Architecture critic Deyan Sudjic wrote: "The late 1970s were a particularly bleak time for contemporary architecture in Britain. The soured [post-war] utopias of concrete social housing triggered a crisis of confidence. The Sainsbury Centre changed all that. Confident, strikingly beautiful and radical in conception, it pointed to a new direction." When Foster showed his creation to his friend Buckminster Fuller, "Bucky" asked: "How much does your building weigh Norman?" Foster, not knowing the answer, was stunned into silence. He later found out it was in fact 5,328 tonnes, but in the course of the calculations, Foster made a discovery concerning a building's harmony and balance that was to inform the rest of his career: "I realised the disproportionate amount of weight in the least attractive part of the building. It was an interesting voyage of discovery".
Hong Kong and Shanghai Bank Headquarters
Sudjic stated that: "If you were to put the Sainsbury Centre next to the Hong Kong and Shanghai Bank, you would see the difference between a glider and a jumbo jet [...] It is powerful and dynamic, where the Sainsbury Centre is calm and floating". The HSBC bank's chairman at the time, Michael Sandberg, said he wanted the best new bank building in the world. The tower was to act as a symbol of the bank's commitment to Hong Kong before the handover to China. As such, Foster had to be sensitive to cultural issues, as well as building a million square feet of office space in a relatively short timescale. Foster was fascinated with Feng Shui - Chinese geometry - and hired a geomancer to help with the project. The resulting tower saw him "reinventing the skyscraper". As Sudjic said: "It was the first time that anyone outside America made a skyscraper that looked like it was anything but a copy of an American."
The building relied on a suspension structure, with pairs of steel masts arranged in three bays. As a result, the building form is articulated in a stepped profile of three individual towers, respectively twenty-nine, thirty-six and forty-four stories high, which create floors of varying width and depth and allows for garden terraces. Inside is a ten-story atrium, providing workers with space and light from both sides of the flexible office space, as a vast mirrored "sunscoop" reflects sunlight down through the atrium to the floor of a public plaza below.
The HSBC bank saw Foster + Partners receive international critical acclaim, but it did not come without risk; the building was one of the most expensive made, required heavy borrowing and nearly bankrupting the architectural practice. The building has since become a landmark. As the Observer Magazine wrote: "In the congested centre of Hong Kong, the Bank unfurls from the sky, like a mechanised Jacob's Ladder, and touches the ground".

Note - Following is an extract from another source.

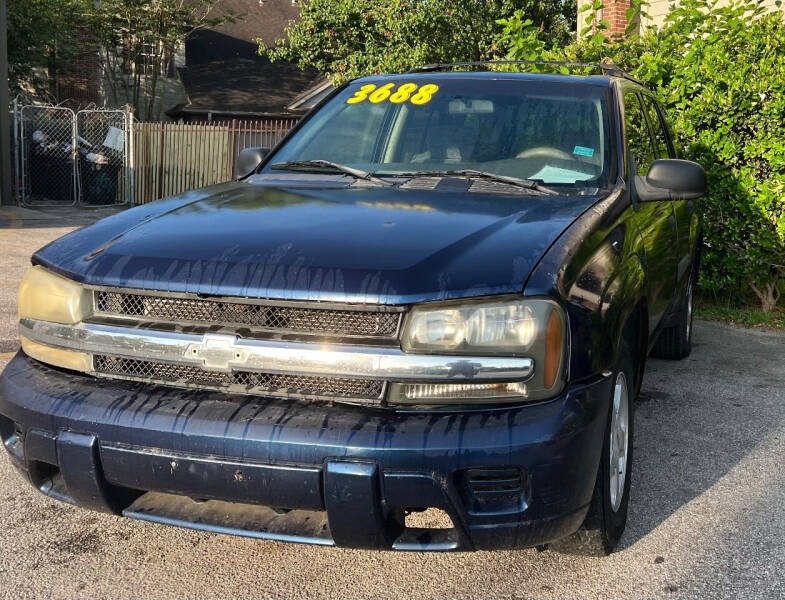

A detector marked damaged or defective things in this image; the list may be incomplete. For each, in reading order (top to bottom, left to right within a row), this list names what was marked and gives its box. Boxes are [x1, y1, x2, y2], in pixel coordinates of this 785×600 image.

Reichstag, New German Parliament
The Reichstag building in Berlin was another project that was loaded with cultural sensitivity. Commissioned by Otto Bismarck 20 years after the unification of Germany in 1871 to celebrate the founding of the Second Reich, the building was torched by Nazi Stormtroopers in 1933 and assaulted by the Red Army in 1945. This history was not to be erased, Foster said when he won the commission to reshape it in 1992. He wanted to preserve the battle scars and graffiti left by Red Army soldiers - in his words,"to erase history is to refuse to learn from it". As well as creating a "living museum", Foster aimed to produce a sustainable and accessible building that was a significant democratic forum. As such, public and politicians enter the building together and the public realm continues in the eating spaces and the new cupola, built of steel and glass, that has since become a landmark, allowing "people to ascend symbolically above the heads of their representatives in the chamber". As Foster said: "The Reichstag was very much about creating the democratic forum for a reunified Germany [and] has become not only the symbol of the city but the symbol of the nation".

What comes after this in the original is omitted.